TASK TO CARRY OUT: Print the whole listing again exactly, keeping no pictures in it.
+++ EXCERPTED DATA
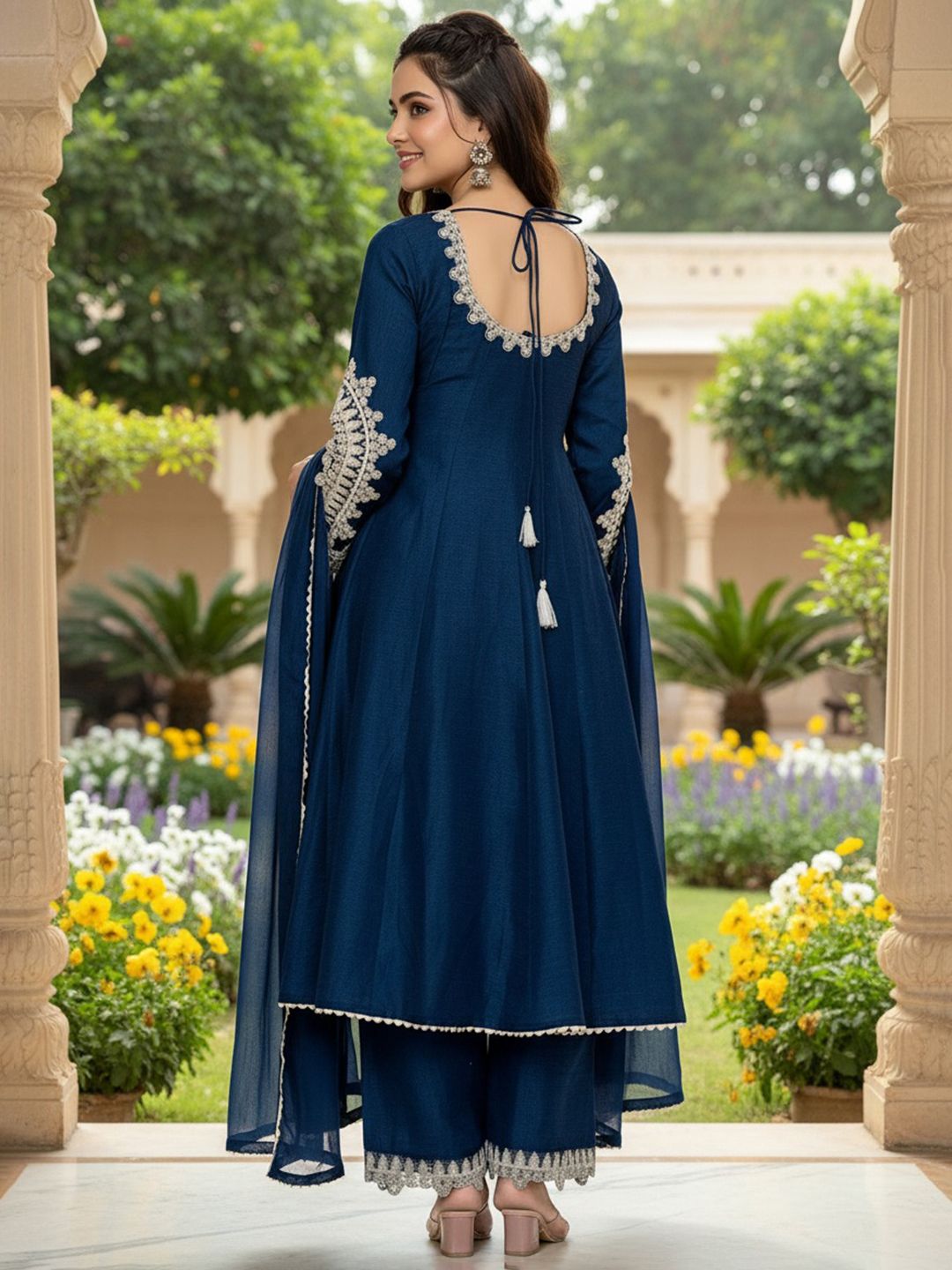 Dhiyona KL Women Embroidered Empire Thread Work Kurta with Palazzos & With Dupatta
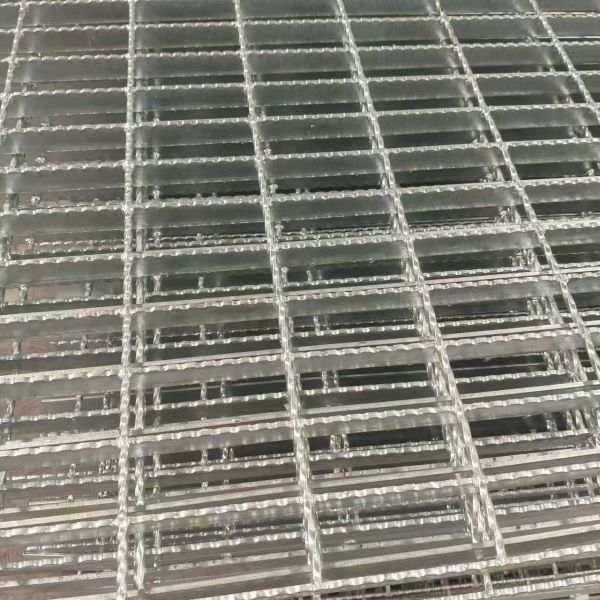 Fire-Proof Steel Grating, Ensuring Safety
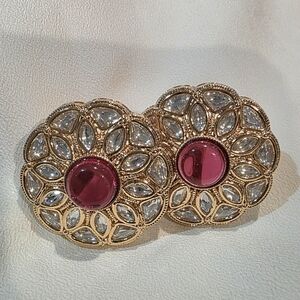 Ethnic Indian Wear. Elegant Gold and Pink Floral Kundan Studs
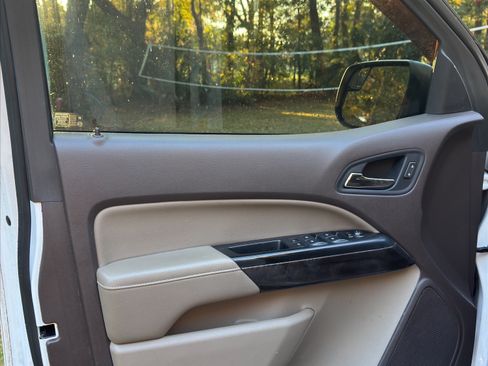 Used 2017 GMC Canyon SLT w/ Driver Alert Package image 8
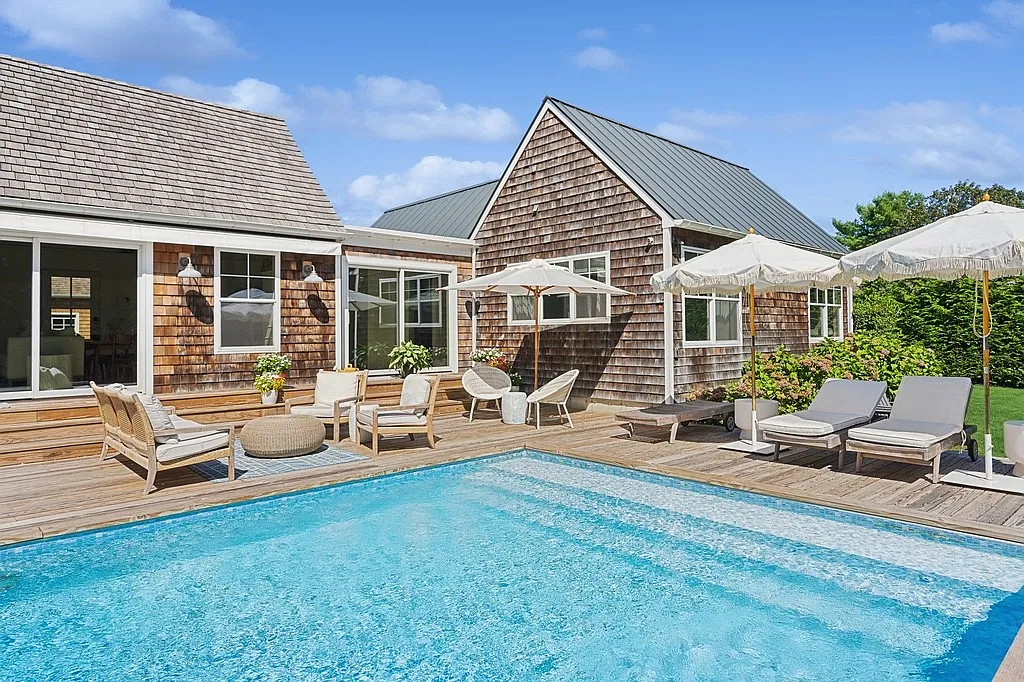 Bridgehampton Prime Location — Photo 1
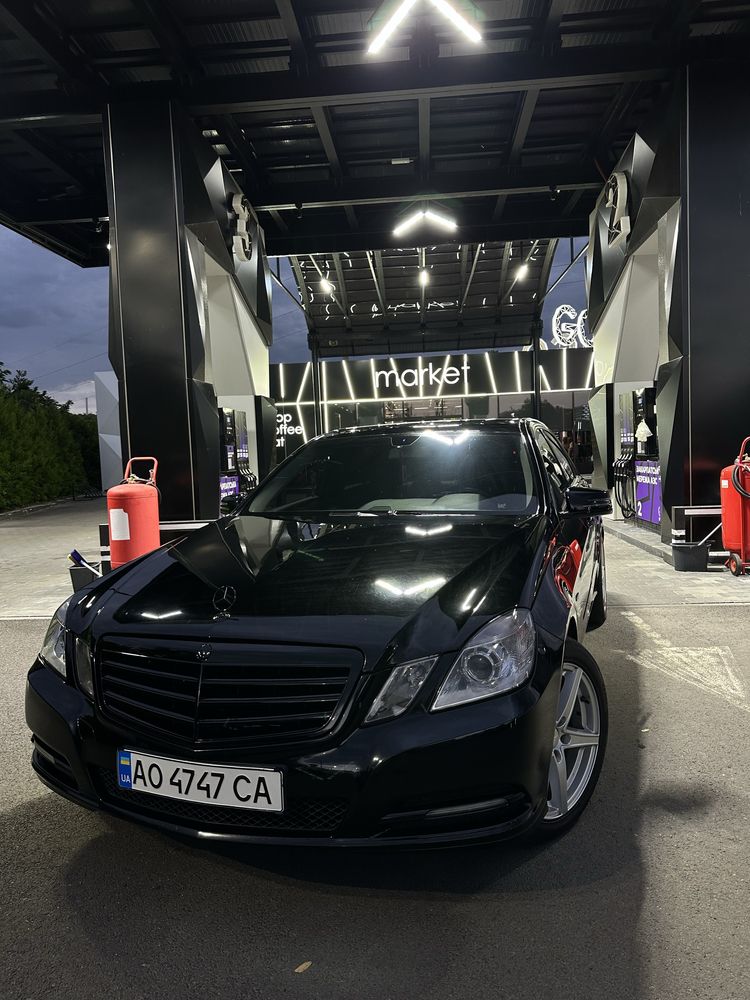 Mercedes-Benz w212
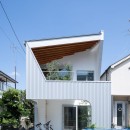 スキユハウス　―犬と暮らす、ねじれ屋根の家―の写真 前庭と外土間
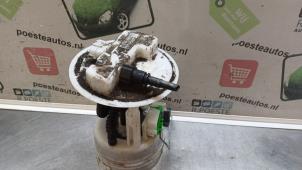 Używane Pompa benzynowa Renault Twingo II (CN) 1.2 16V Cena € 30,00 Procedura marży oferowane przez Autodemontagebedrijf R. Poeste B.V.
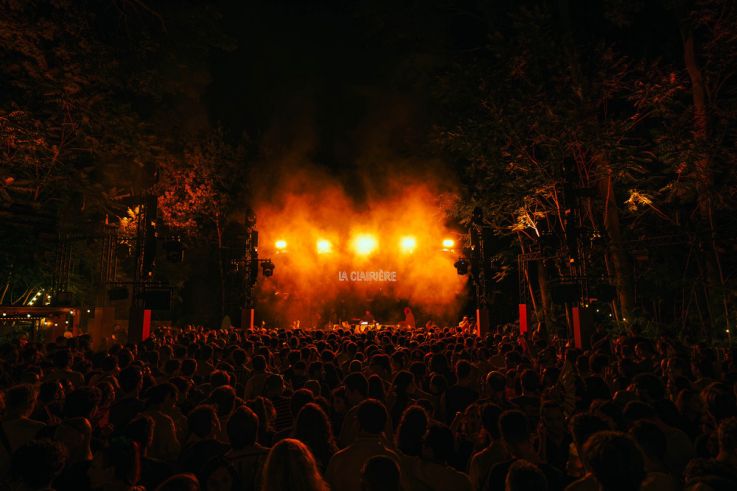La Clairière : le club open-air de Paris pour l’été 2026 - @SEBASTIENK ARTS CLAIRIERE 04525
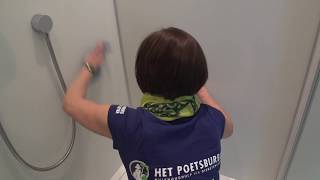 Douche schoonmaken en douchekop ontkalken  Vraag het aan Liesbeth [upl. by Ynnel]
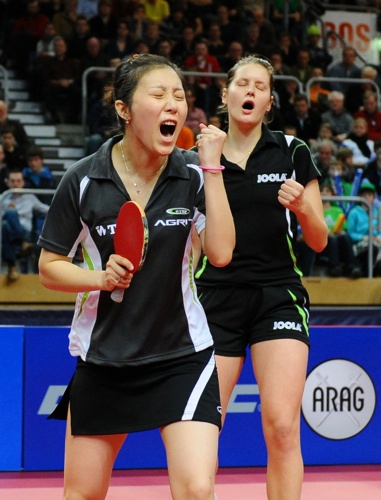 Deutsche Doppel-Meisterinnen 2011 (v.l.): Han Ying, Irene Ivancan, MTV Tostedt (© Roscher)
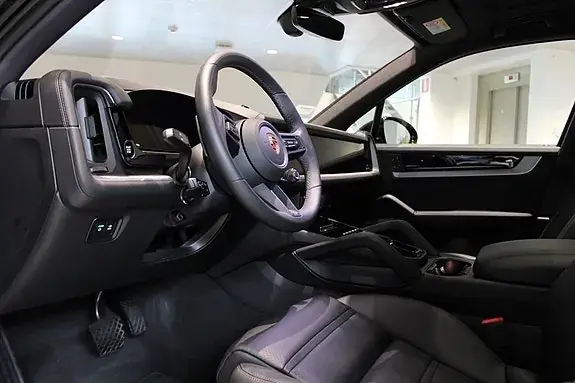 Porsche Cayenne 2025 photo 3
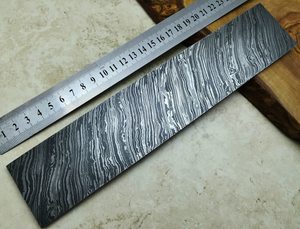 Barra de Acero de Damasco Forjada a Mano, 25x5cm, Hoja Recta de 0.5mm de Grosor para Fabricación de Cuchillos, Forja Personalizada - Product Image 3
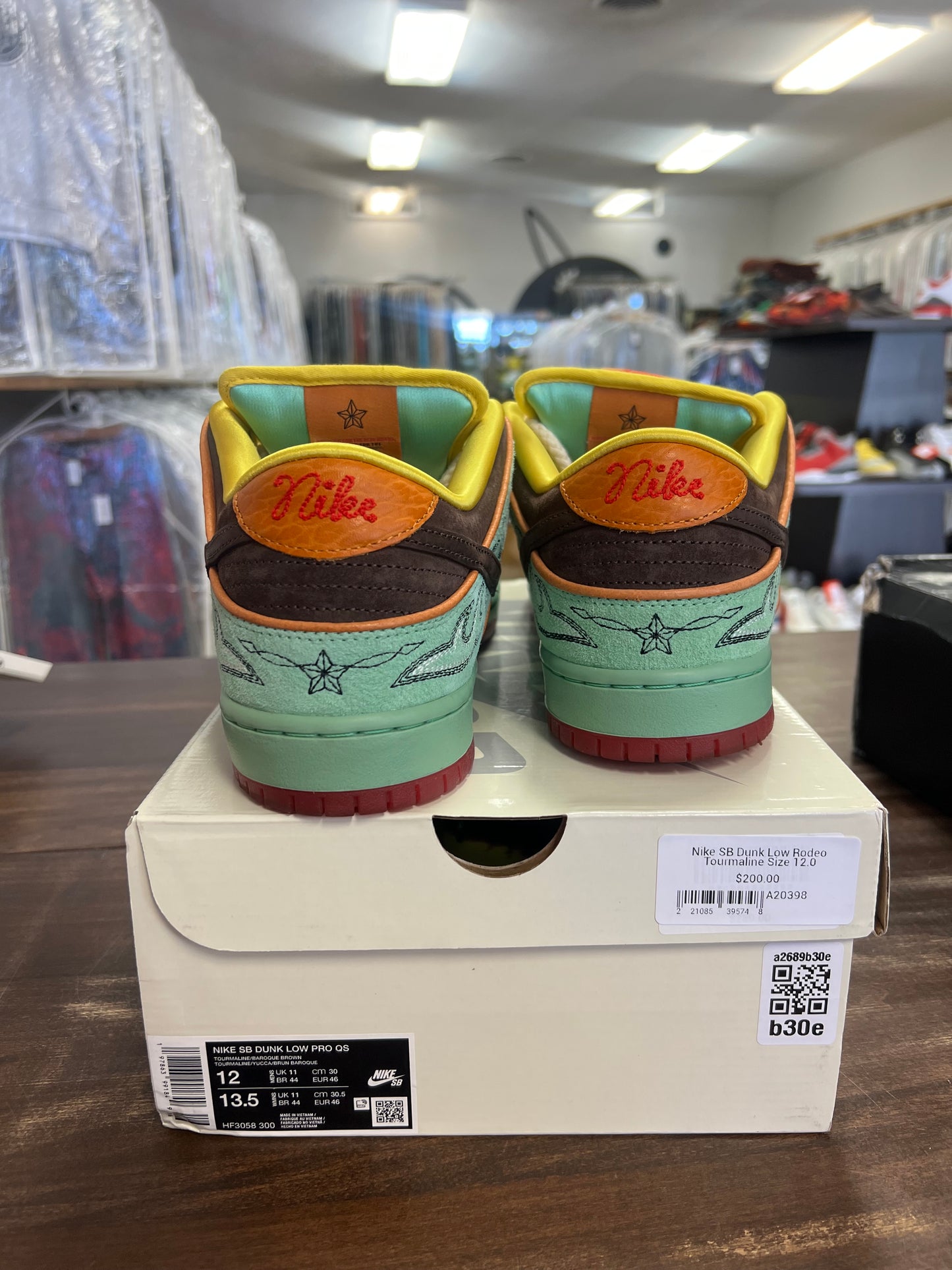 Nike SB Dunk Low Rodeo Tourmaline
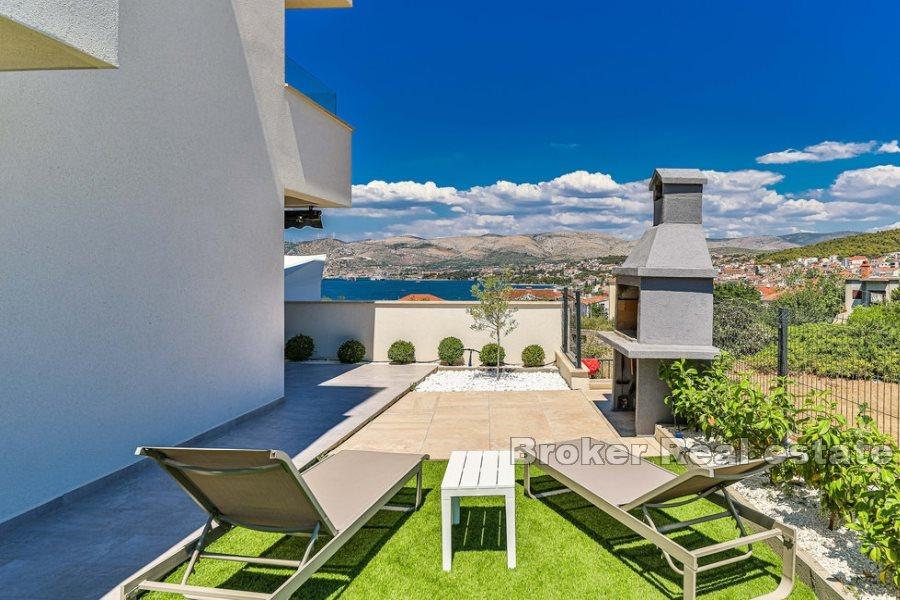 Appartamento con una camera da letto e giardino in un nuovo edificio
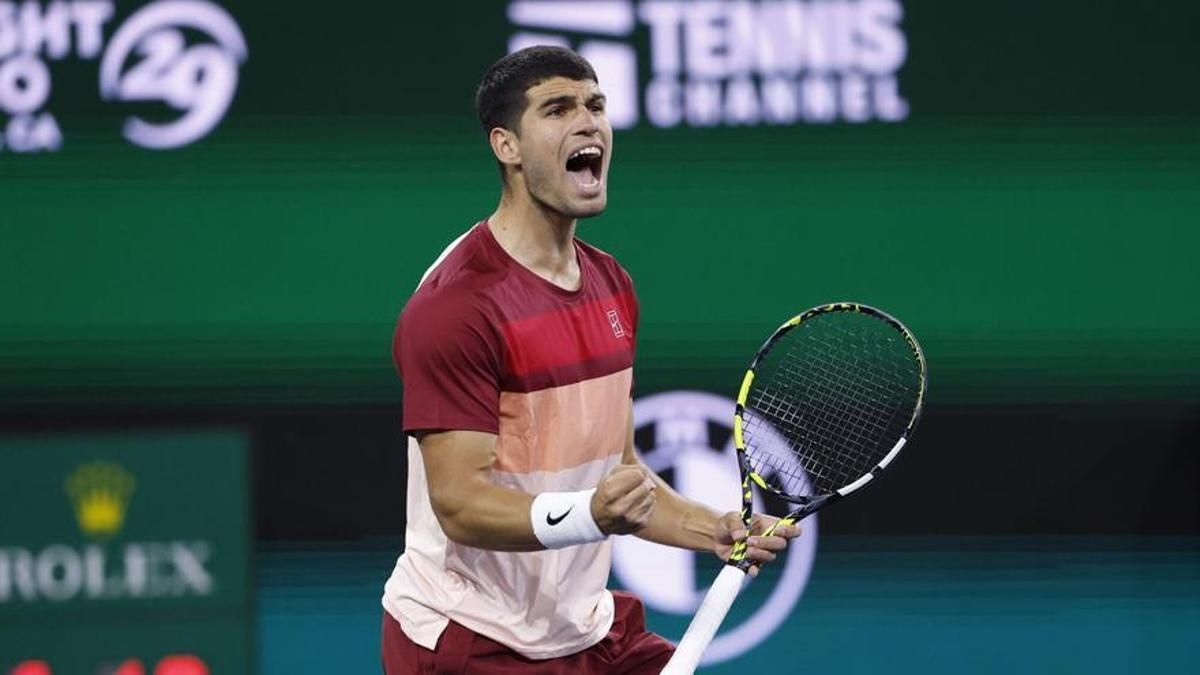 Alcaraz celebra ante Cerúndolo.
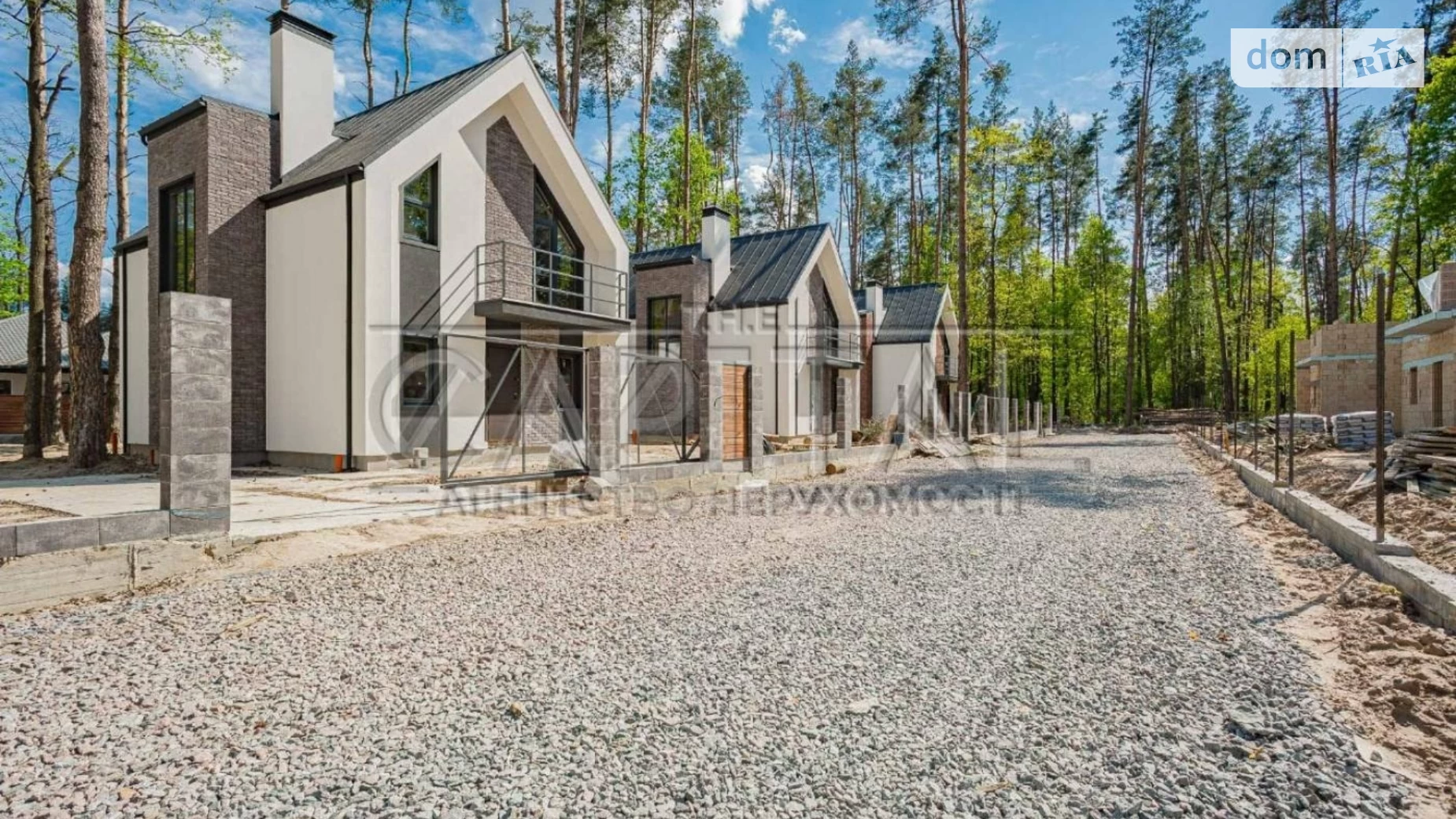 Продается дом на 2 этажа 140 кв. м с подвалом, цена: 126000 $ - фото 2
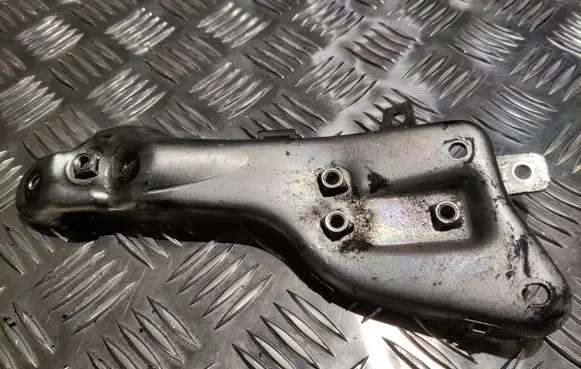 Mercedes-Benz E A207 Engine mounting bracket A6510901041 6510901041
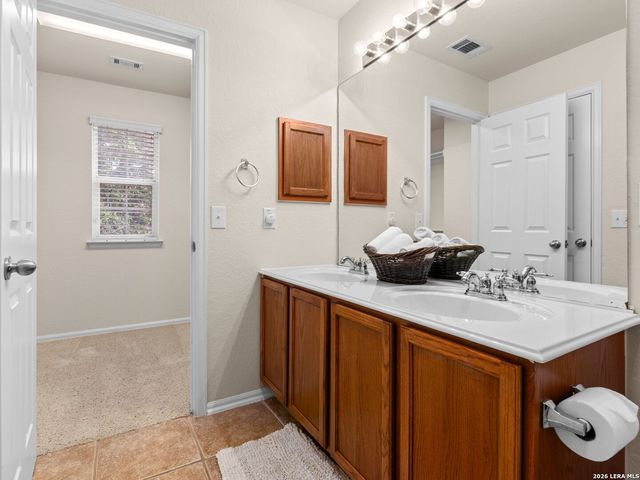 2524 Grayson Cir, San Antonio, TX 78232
++++++
TASK RESPONSE:
 Dhiyona KL Women Embroidered Empire Thread Work Kurta with Palazzos & With Dupatta
 Fire-Proof Steel Grating, Ensuring Safety
 Ethnic Indian Wear. Elegant Gold and Pink Floral Kundan Studs
 Used 2017 GMC Canyon SLT w/ Driver Alert Package image 8
 Bridgehampton Prime Location — Photo 1
 Mercedes-Benz w212
 スキユハウス　―犬と暮らす、ねじれ屋根の家―の写真 前庭と外土間
 Używane Pompa benzynowa Renault Twingo II (CN) 1.2 16V Cena € 30,00 Procedura marży oferowane przez Autodemontagebedrijf R. Poeste B.V.
La Clairière : le club open-air de Paris pour l’été 2026 - @SEBASTIENK ARTS CLAIRIERE 04525
 Douche schoonmaken en douchekop ontkalken  Vraag het aan Liesbeth [upl. by Ynnel]
 Deutsche Doppel-Meisterinnen 2011 (v.l.): Han Ying, Irene Ivancan, MTV Tostedt (© Roscher)
 Porsche Cayenne 2025 photo 3
 Barra de Acero de Damasco Forjada a Mano, 25x5cm, Hoja Recta de 0.5mm de Grosor para Fabricación de Cuchillos, Forja Personalizada - Product Image 3
 Nike SB Dunk Low Rodeo Tourmaline
 Appartamento con una camera da letto e giardino in un nuovo edificio
 Alcaraz celebra ante Cerúndolo.
 Продается дом на 2 этажа 140 кв. м с подвалом, цена: 126000 $ - фото 2
 Mercedes-Benz E A207 Engine mounting bracket A6510901041 6510901041
 2524 Grayson Cir, San Antonio, TX 78232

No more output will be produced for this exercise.